Task description —
Would you transcribe the records below from the line with "转轴机械按键玩COD16啥感觉？ROG IMPACT II首发拆解测评" to the line with "Дом в Тавернье, Флорида", ends included, exactly and with nothing more, leaving the pictures out?

Information shown —
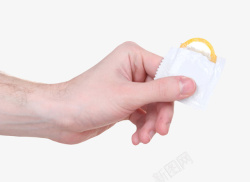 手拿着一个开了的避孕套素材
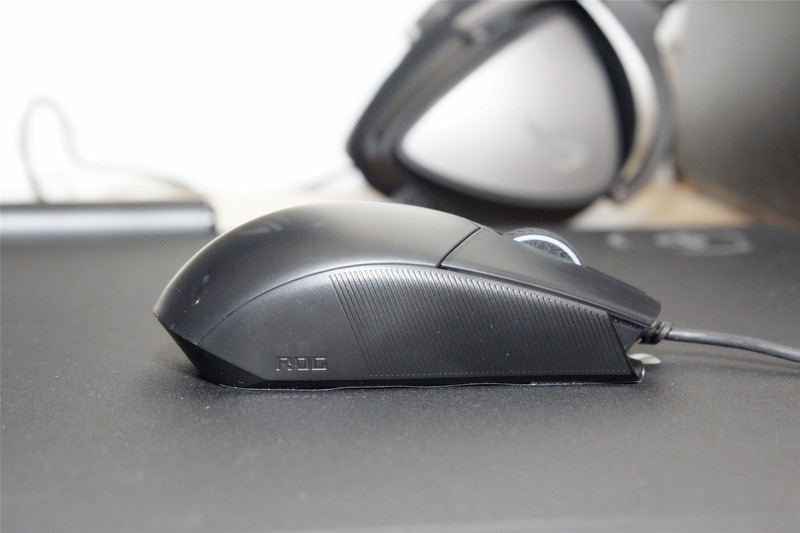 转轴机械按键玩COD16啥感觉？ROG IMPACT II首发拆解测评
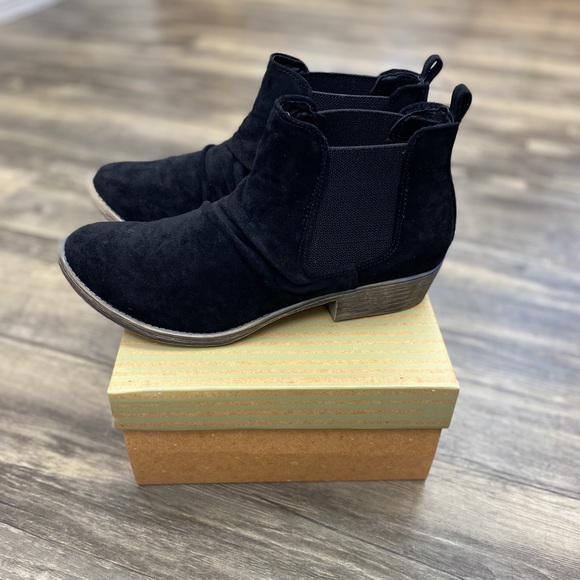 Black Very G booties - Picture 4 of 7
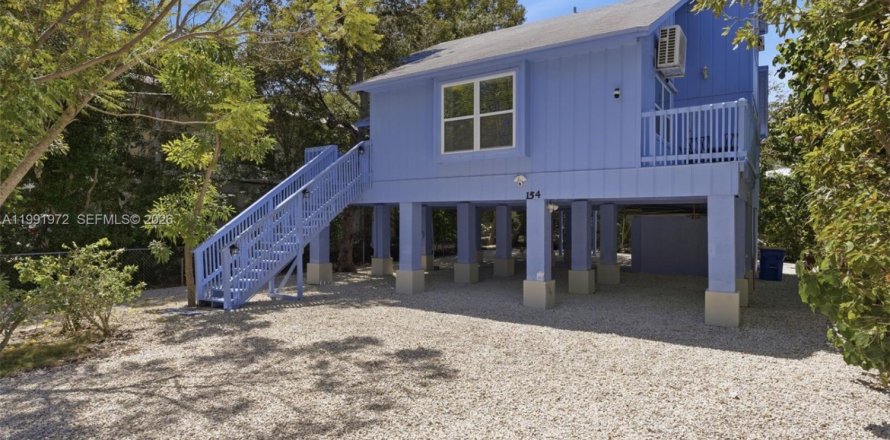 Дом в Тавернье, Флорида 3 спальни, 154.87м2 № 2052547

--

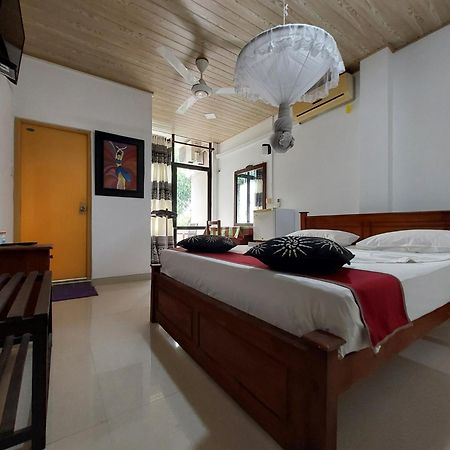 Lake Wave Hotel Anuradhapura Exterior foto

Written response —
 转轴机械按键玩COD16啥感觉？ROG IMPACT II首发拆解测评
 Black Very G booties - Picture 4 of 7
 Дом в Тавернье, Флорида 3 спальни, 154.87м2 № 2052547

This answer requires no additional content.